I'm learning algorithms by myself and am using the excellent Introduction to algorithms to do that. It has been quite a long time since I last studied math, so maybe the solution to my problem is trivial.

Exercise 4.3-5 asks to prove that $\Theta(n \lg n)$ is the solution to the "exact" recurrence for merge sort using the substitution method.

The recurrence is: $T(n) = T(\lceil n/2 \rceil) + T(\lfloor n/2 \rfloor) + \Theta(n)$

Here is how I started to tackle the problem:

I need to prove that the recurrence is $O(n \lg n)$ and $\Omega(n \lg n)$ to prove that it is $\Theta(n \lg n)$. Let's begin with $O(n \lg n)$.

Let's assume that the bound $T(m) \leq cn \lg n$ holds for all $c > 0$, $m > 0$, $m > n$; in particular for $m = n/2$, yielding:

$$ T(n/2) \leq cn/2 \lg(n/2) $$

Substituting into the recurrence yields:

$$\begin{aligned} T(n) &\leq c n/2 \lg(n/2) + c n/2 \lg(n/2) + \Theta(n) \\\\ &= cn \lg(n) - (cn - \Theta(n)) \end{aligned}$$

And then I'm blocked, I guess I have to remove $\Theta(n)$ with something like $kn$ but it does not seem very rigorous.

Answer 1

You can find a summary of the substitution method in this question statement and a discussion about the boundary conditions in an answer to the same question. The same material is available in section 4.3 on pages 83 and 84 of the third edition of the book. Especially interesting in this reference is the treatment of boundary conditions.

Answer 2

Your working is not exactly right, even before the point you got stuck.

You have replaced $\lceil n/2 \rceil$ and $\lfloor n/2 \rfloor$ by $n/2$, which is what you wanted to avoid, isn't it? (Otherwise we just use the recurrence $T(n) = 2T(n/2) + f(n)$).

We have the recurrence:

$T(n) = T(\lceil n/2 \rceil) + T(\lfloor n/2 \rfloor) + f(n)$

where $f(n) = \theta(n)$, i.e. there is some $C \gt 0$ such that $f(n) \le Cn$ for all $n$.

Suppose we want to show $T(n) = \mathcal{O}(n \log n)$.

(Note: the logarithm is to base $2$).

We try using strong induction.

Assume that $T(1) = 0$.

Suppose for all $k \lt n$, we have $T(k) \le D k\log k$, what $D$ is, we determine later.

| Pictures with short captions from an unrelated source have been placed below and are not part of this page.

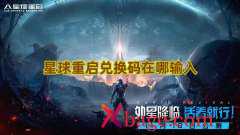<b>星球重启兑换码在哪输入</b>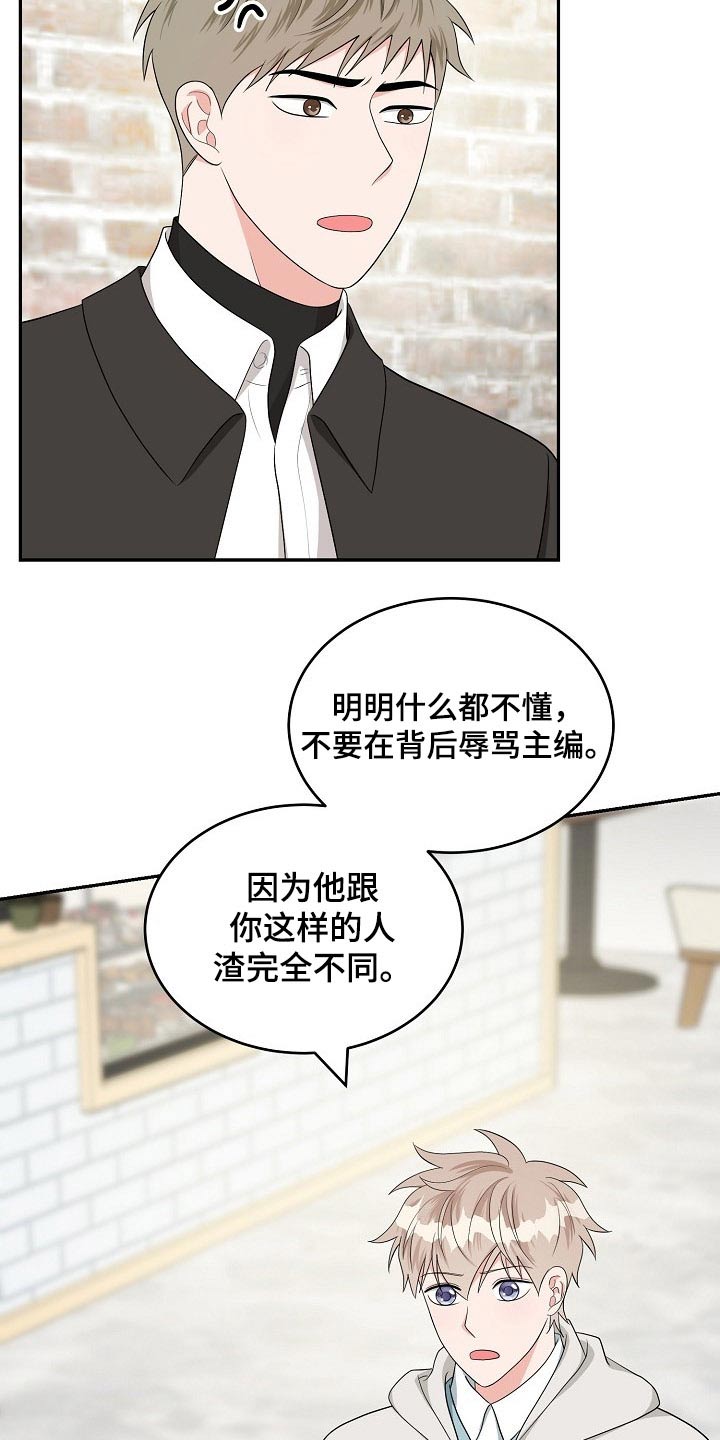 第36章：知道10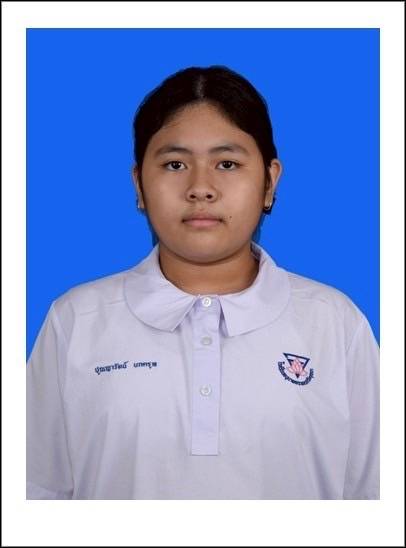 รูปนักเรียน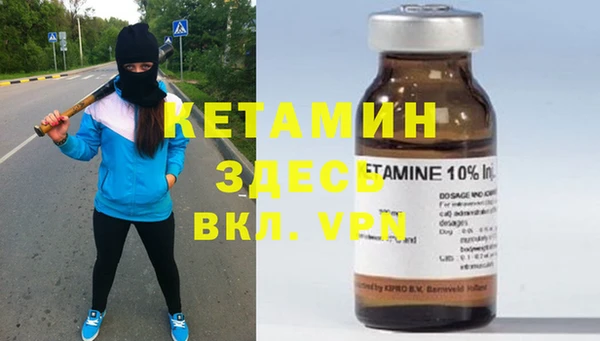 прущие крисы Костерёво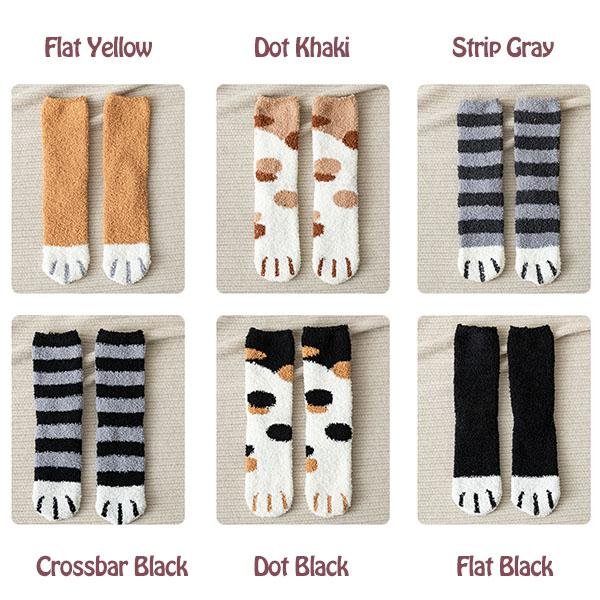 Cat Paw Indoor Socks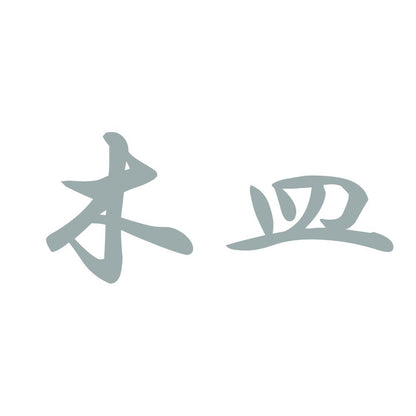 木皿 10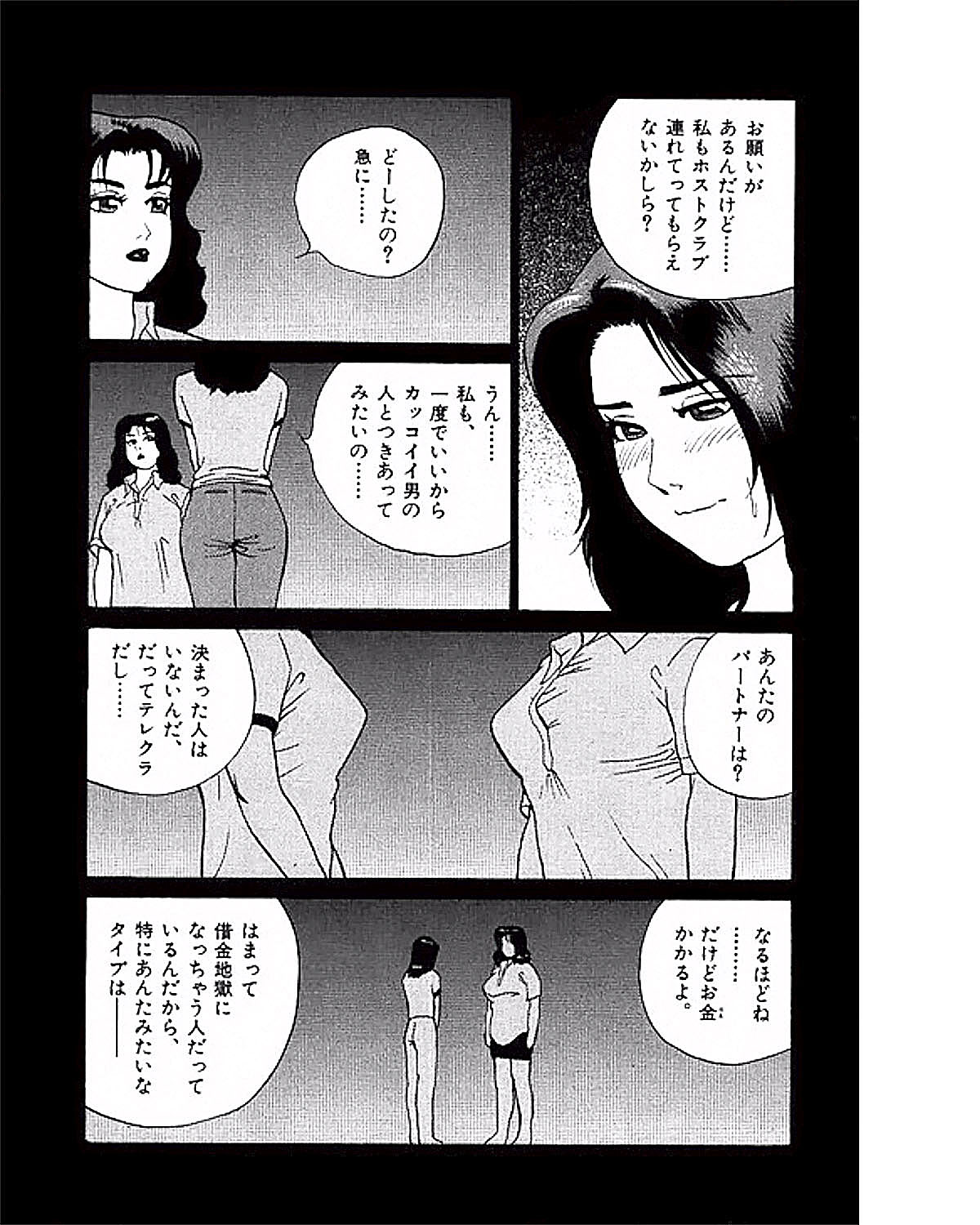 Mansion - Page 59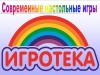 Игротека в детской библиотеке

Notice that $\lceil n/2 \rceil + \lfloor n/2 \rfloor = n$

There we have that

$T(n) \le Dn \log \lceil n/2 \rceil + f(n) \le Dn\log (\frac{n+1}{2}) + Cn$

Now $\log(n+1) \le \log n + \frac{1}{n}$ and so we get

$T(n) \le Dn\log n + D + Cn - Dn$

Now if we pick $D$ so that $Dn \gt Cn + D$ for all $n \gt 2$, we are done.

Picking $D \gt 2C$ will work and for this $D$, you can verify the base cases of $n=1,2$ easily.

Thus $T(n) = \mathcal{O}(n \log n)$.

Showing that $T(n) = \Omega(n\log n)$ might take more work.